Question

1. Suppose that you want to program an AI agent to navigate out of a maze. The agent starts at the maze’s center facing the north direction. The agent can turn to face the south, north, east, or west. The agent can be directed to move forward for a certain distance but will stop before hitting a wall.

a) Formulate this as a search problem defining initial state, goal test, transition function, and cost function.

b) What can you tell about the size of the state space?

c) In maze navigation, it is only necessary to turn at the intersection of two or more corri-dors. Using this observation, reformulate the search problem. What can you say about the size of the state space now?
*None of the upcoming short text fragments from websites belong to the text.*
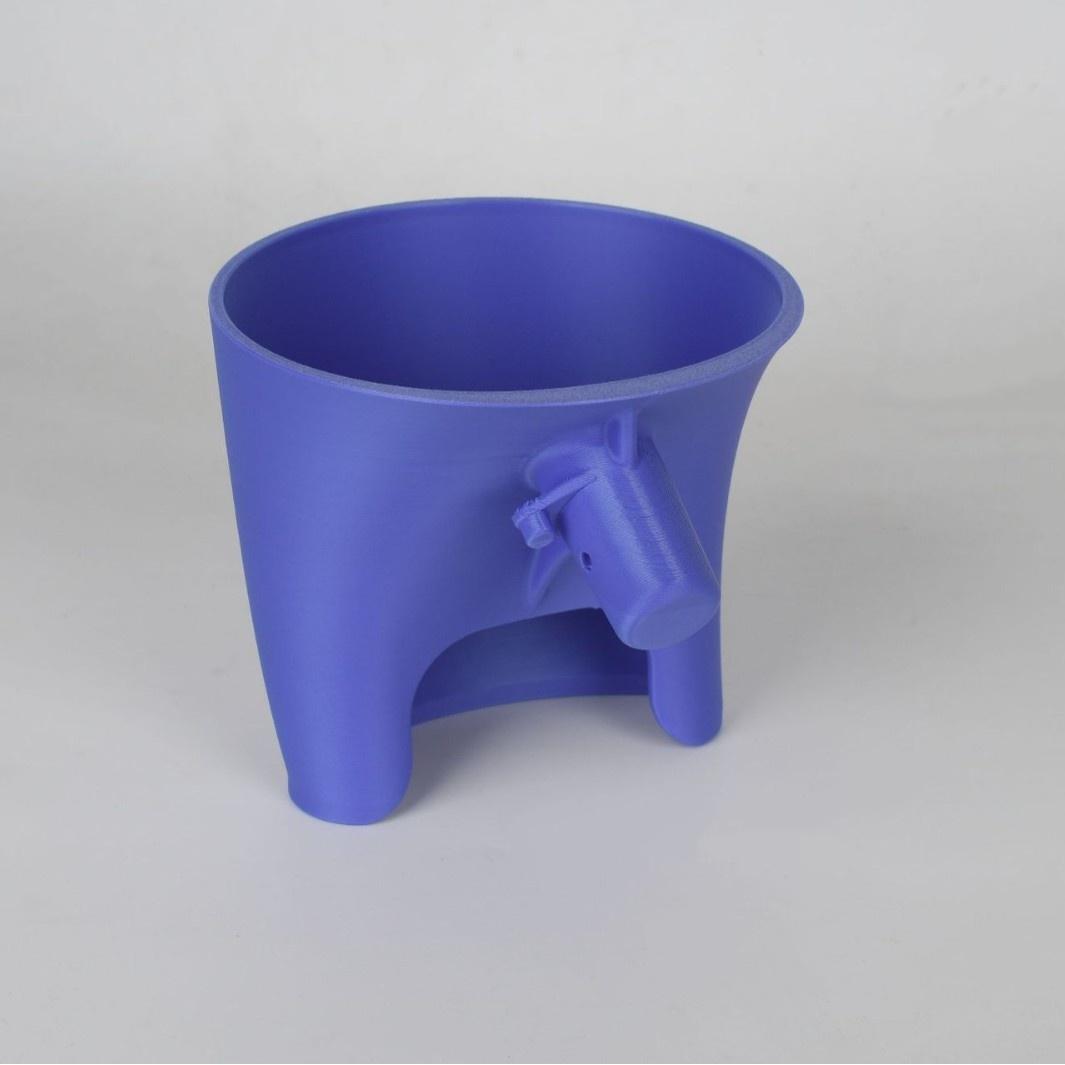 

For Kitchenaid Mixer KSM150 5-Quart Attachment-Icing Egg Liquid Funnel Stand Mixer Attachment For Flour Funnel фиолетовый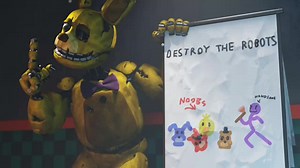 Exploring William Afton's Springlock Moments in FNAF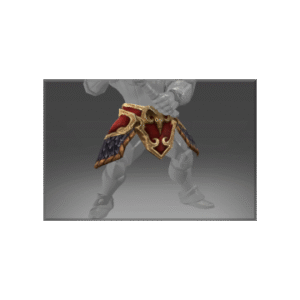 Armature of the Belligerent Ram Belt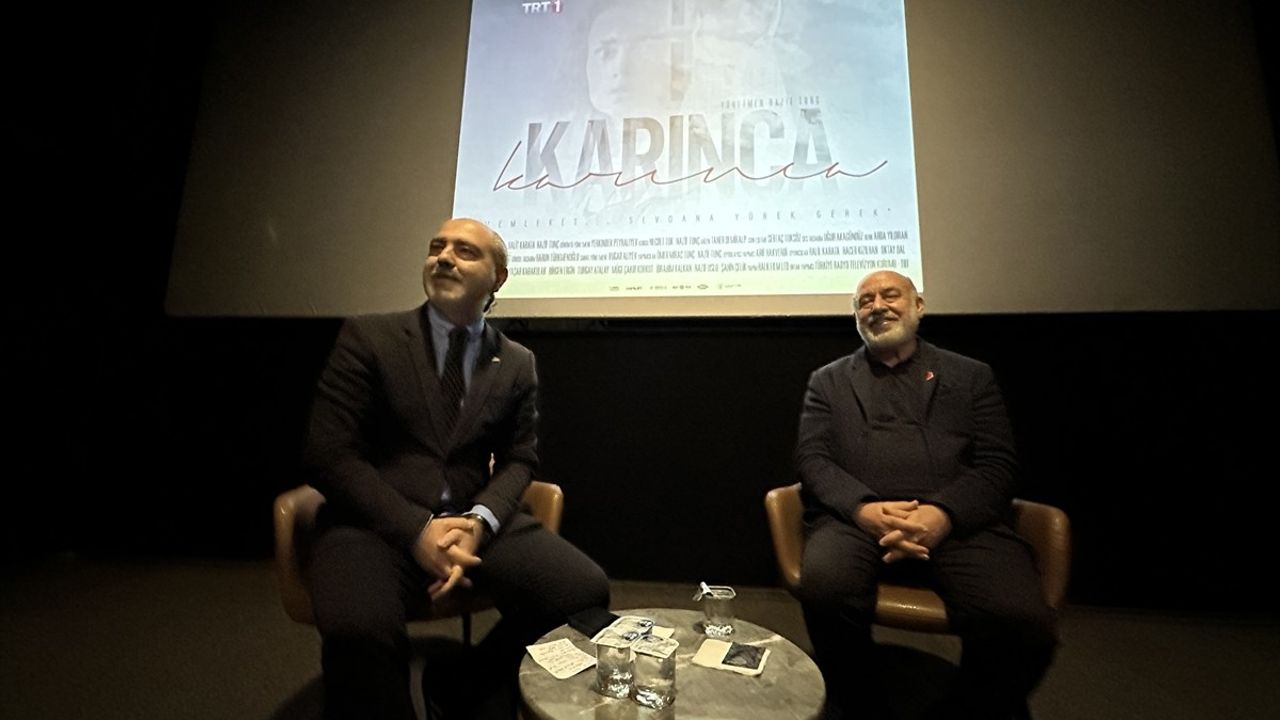 Düzce Uluslararası Konuralp Film Festivali'nde Film Gösterimi ve Söyleşiler Yapıldı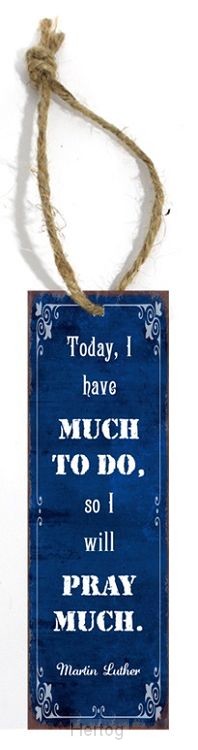 Today, I have much to do - boekenlegger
d) What simplifications or abstractions about the real world, actions, or details did we make in our problem formulation? List three of this simplifications and briefly discuss how realistic they are. For example, we assume that the agent can move as far as it can without battery charging.

Answer 1

a) Formulating this as a search problem. The goal is to get out of the maze.

Initial State: At (0,0) , Facing( (0,1) ).

Successor Function( At(x), Facing(y) ):

<Turn(North),{At(x),Facing( (0,1) )}>

<Turn(East),{At(x),Facing( (1,0) )}>

<Turn(West),{At(x),Facing( (-1,0) )}>

<Turn(South),{At(x),Facing( (0,-1) )}>

<Move(k blocks), {At(x+y min(k, D_max(x, y))), Facing(y)} > where D_max(x, y)is the maximum distance the robot can move in direction y from point x without hitting a wall.

Goal State: At(x),x∈G, where G is the set of locations outside the maze.

b) If the maze is comprised of S blocks, then the total number of states is 4S.

c) Given that, the only place we need to turn is at the intersection of two or more corridors. Now, let us re-formulate the problem. The successor remains same for the intersections and for the straight corridors,

Successor Function( At(x), Facing(y) ):

<Move(k blocks),{At(x+y min(k, D_max(x, y))), Facing(y)}>

The size of the state space decreases due to this observation. If there are I intersection blocks, the size of the state space now is 2S + 2I.

d) Three simplifications we made are

• The robot can see where the walls are perfectly.
• The robot can move only in one of four directions.
• The robot knows with certainty how far it has moved after attempting to move a certain distance.